TASK DETAILS: Please give back each line below unchanged; none of the pictures should appear.

*** EXTRACTED ENTRIES ***

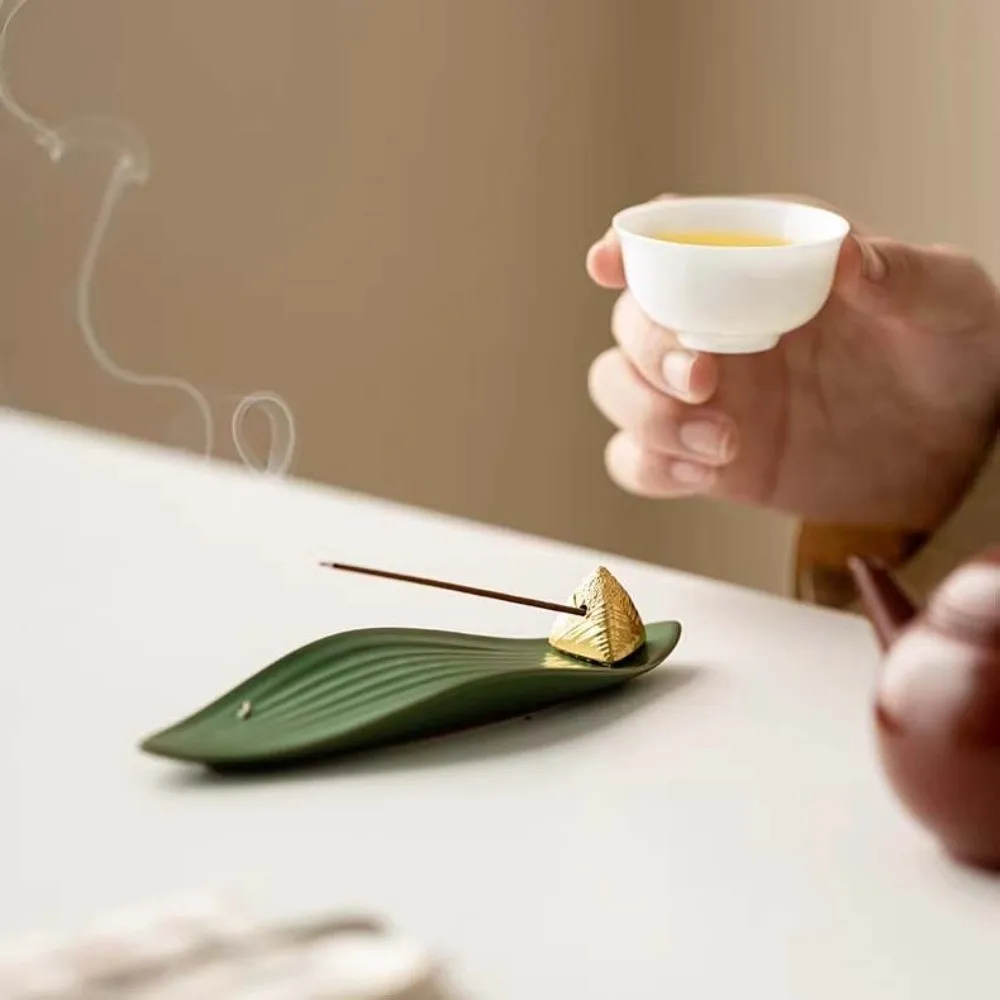 Boat Shape Zongzi Incense Holder Mini Ceramic Incense Stick Burner Zen Style Traditional Aromatherapy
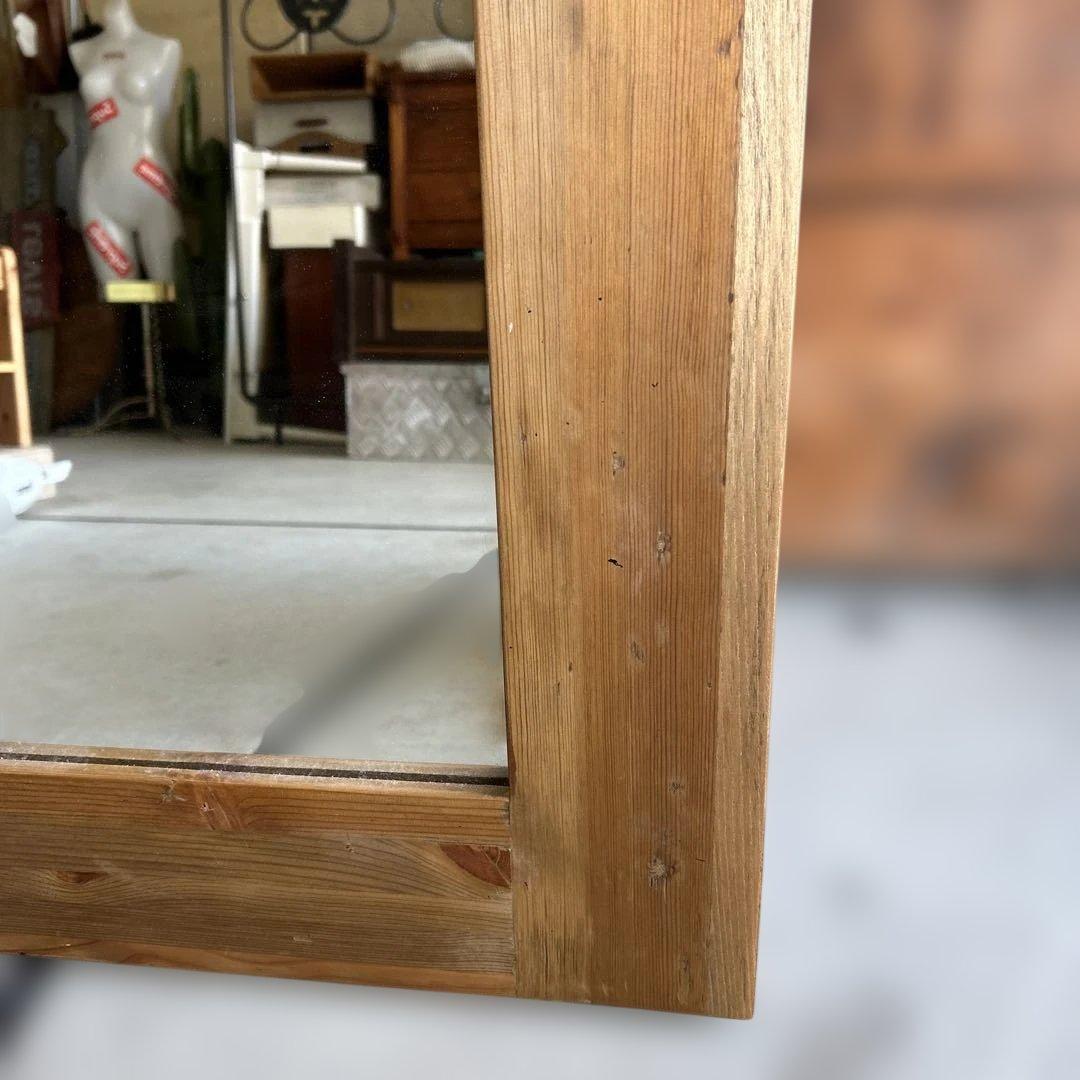 クラッシュゲート オクトミラー パイン古材 160cm 特大 姿見 全身鏡 無垢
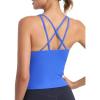 imageRUNNING GIRL Workout Tank Tops with Built in Bras for WomenCrissCross Back Medium Support Sports Bras for WomenBlue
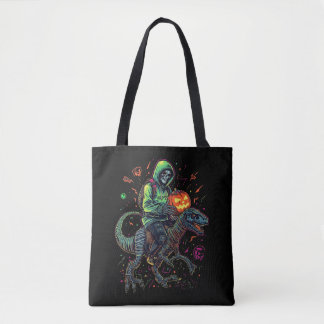 Cyber Neon Skeleton Riding Robo Dino – Halloween  Tote Bag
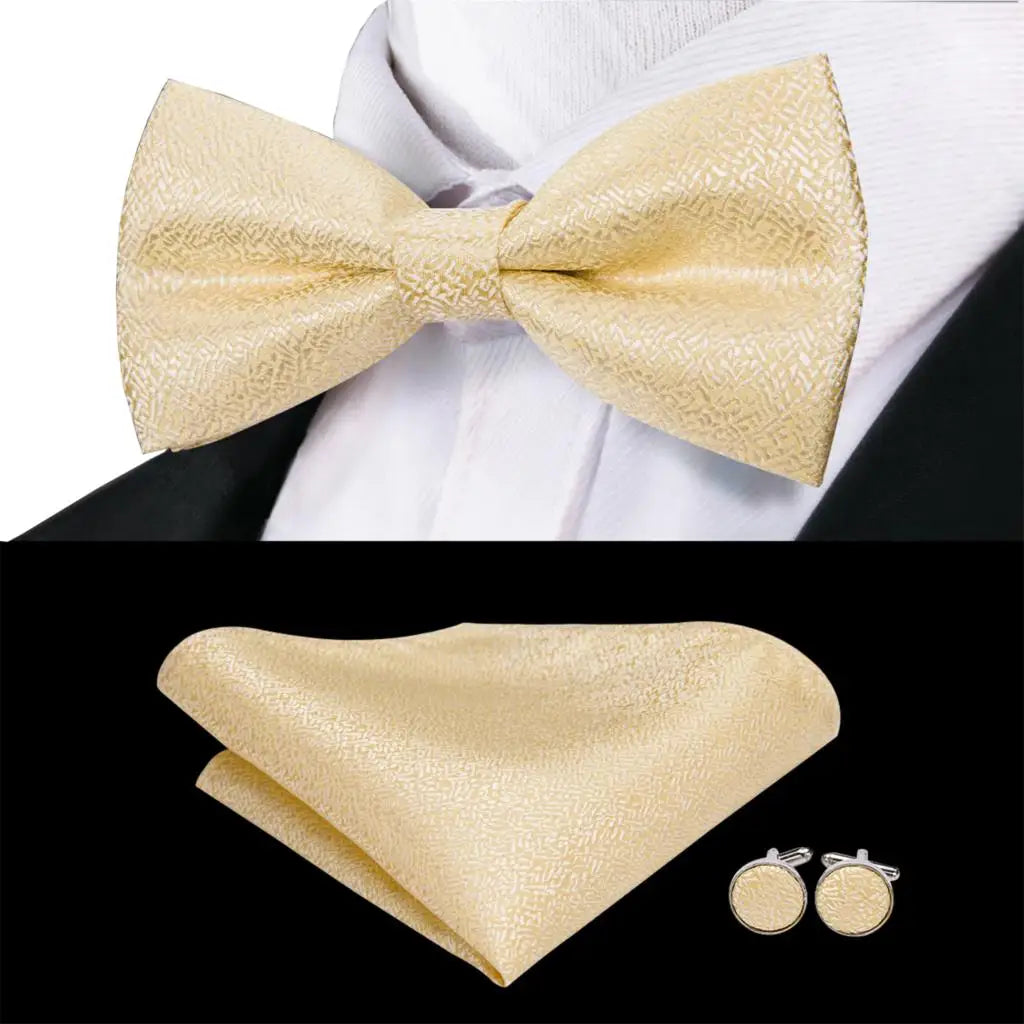 Beige Champagne Gold Mens Bow Tie Hanky Cufflinks Set Jacquard Floral Pre Tied Butterfly Bowtie for Male Wedding silk Business Qme LDLH0771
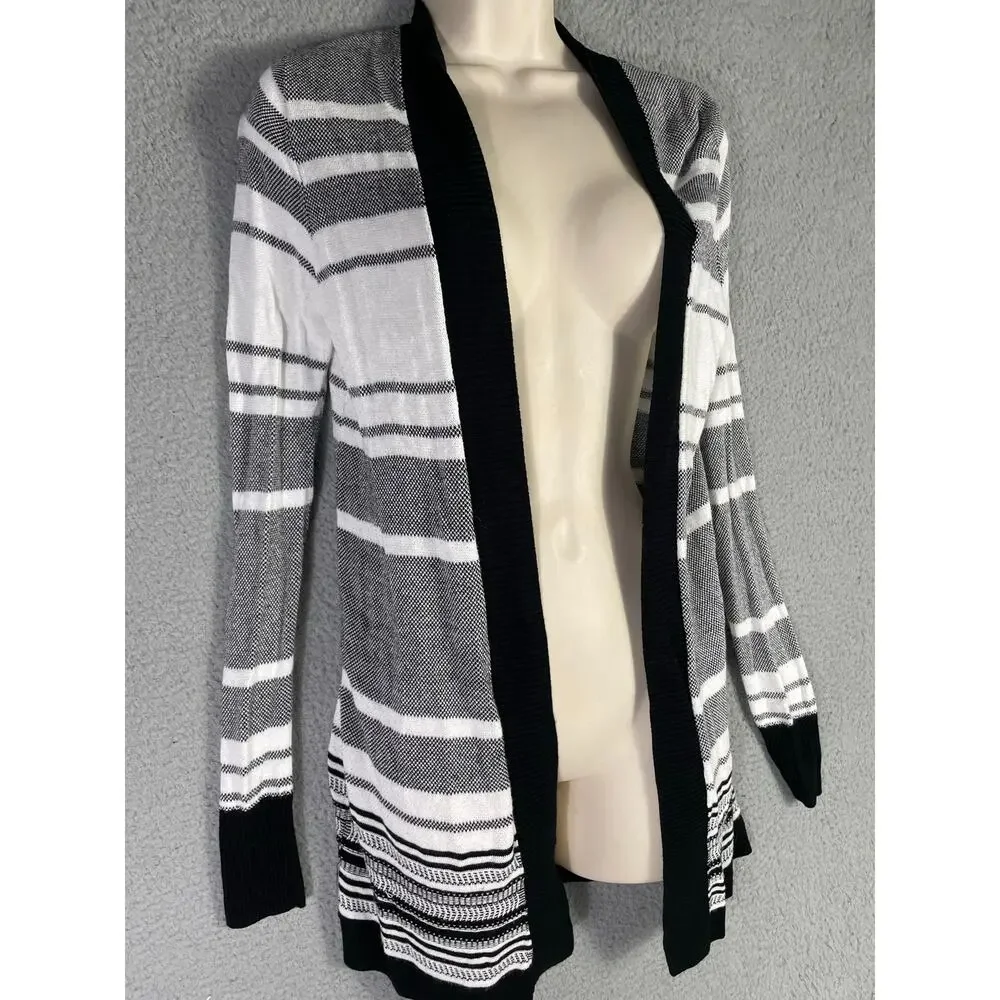 Apt.‎ 9 Striped Open Front Cardigan Black Gray White Small Long Sleeve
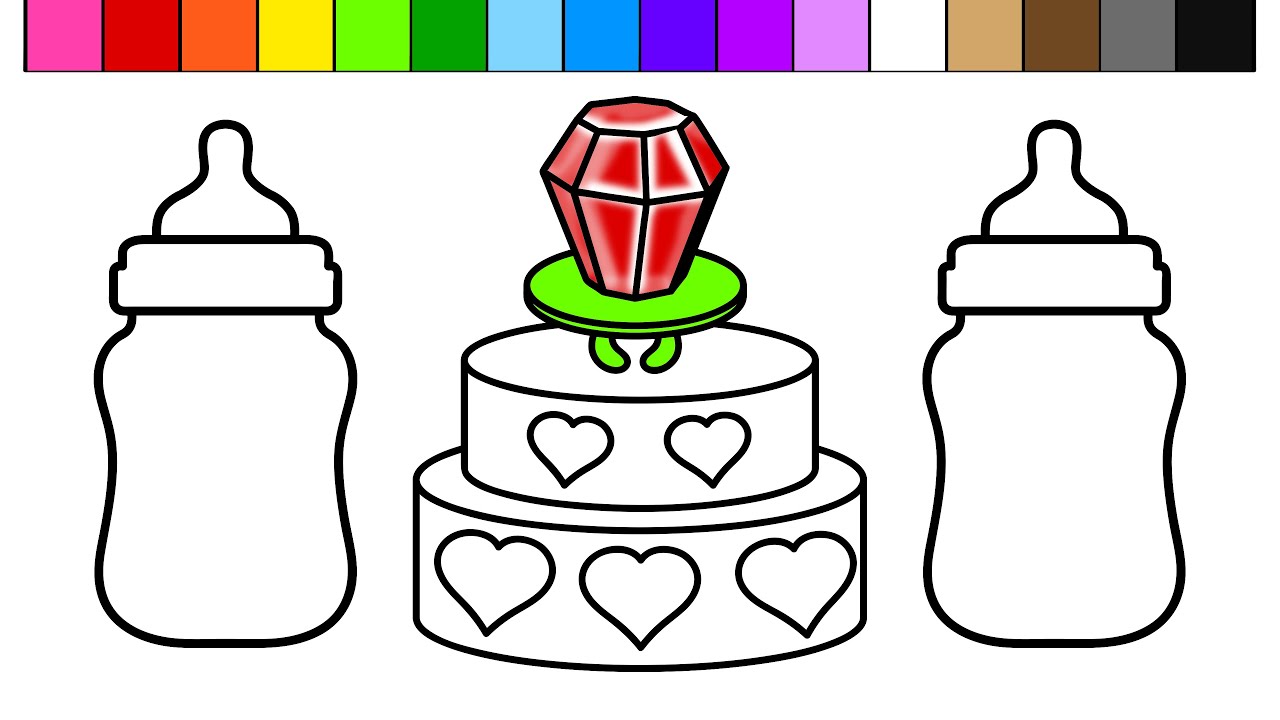 Learn Colors for Kids and Color this Ring Pop Heart Birthday Cake Baby Bottle Coloring Page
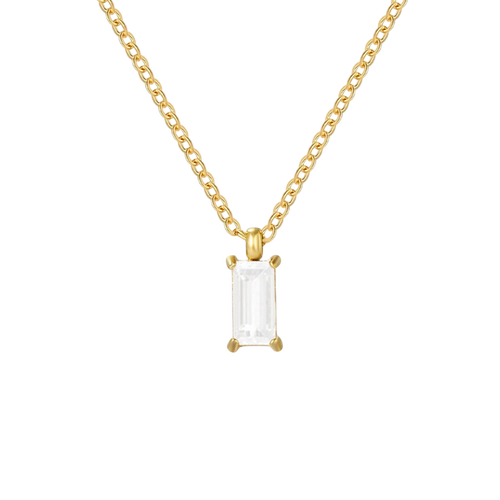 Elegant Rectangular Zirconia Pendant Necklace – Gold & Silver 🇬🇧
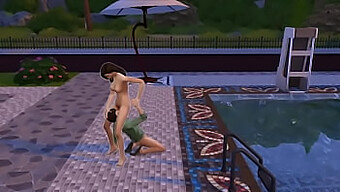 A Young Man Aggressively Has Sex With A Sensual Maid By The Swimming Pool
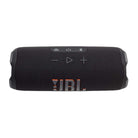 JBL Flip 7 Waterproof Bluetooth Speaker - Black - horizontal top view showing buttons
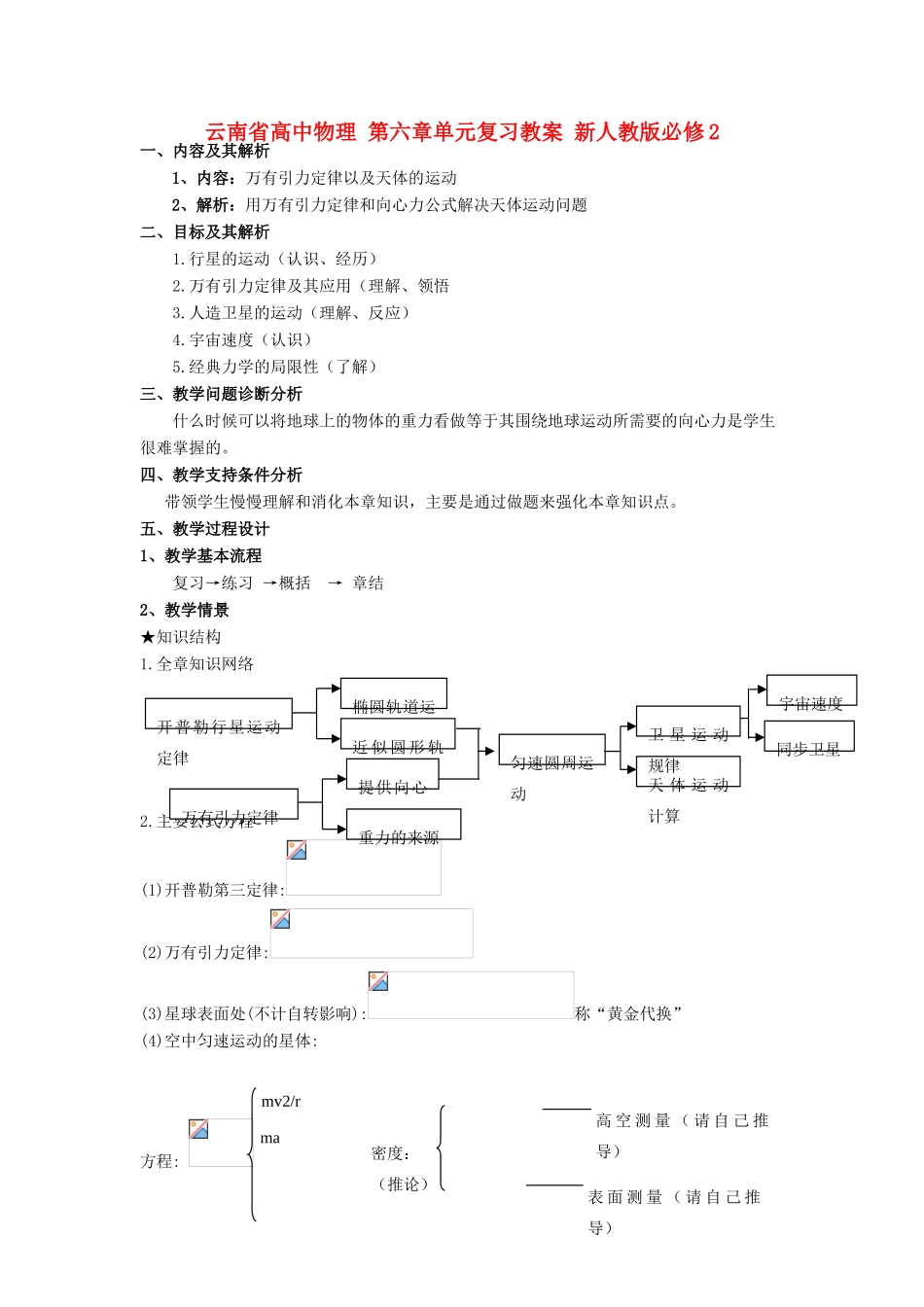 云南省高中物理 第六章单元复习教案 新人教版必修2_第1页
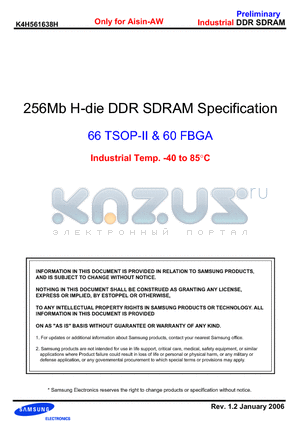 K4H561638H datasheet - 256Mb H-die DDR SDRAM Specification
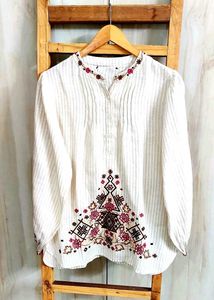 Embroidered Striped Women's Top size-38-40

***

RESULT:
 Boat Shape Zongzi Incense Holder Mini Ceramic Incense Stick Burner Zen Style Traditional Aromatherapy
 クラッシュゲート オクトミラー パイン古材 160cm 特大 姿見 全身鏡 無垢
 imageRUNNING GIRL Workout Tank Tops with Built in Bras for WomenCrissCross Back Medium Support Sports Bras for WomenBlue
 Cyber Neon Skeleton Riding Robo Dino – Halloween  Tote Bag
 Beige Champagne Gold Mens Bow Tie Hanky Cufflinks Set Jacquard Floral Pre Tied Butterfly Bowtie for Male Wedding silk Business Qme LDLH0771
 Apt.‎ 9 Striped Open Front Cardigan Black Gray White Small Long Sleeve
 Learn Colors for Kids and Color this Ring Pop Heart Birthday Cake Baby Bottle Coloring Page
 Elegant Rectangular Zirconia Pendant Necklace – Gold & Silver 🇬🇧
 A Young Man Aggressively Has Sex With A Sensual Maid By The Swimming Pool
 JBL Flip 7 Waterproof Bluetooth Speaker - Black - horizontal top view showing buttons
 云南省高中物理 第六章单元复习教案 新人教版必修2_第1页
 K4H561638H datasheet - 256Mb H-die DDR SDRAM Specification
 Embroidered Striped Women's Top size-38-40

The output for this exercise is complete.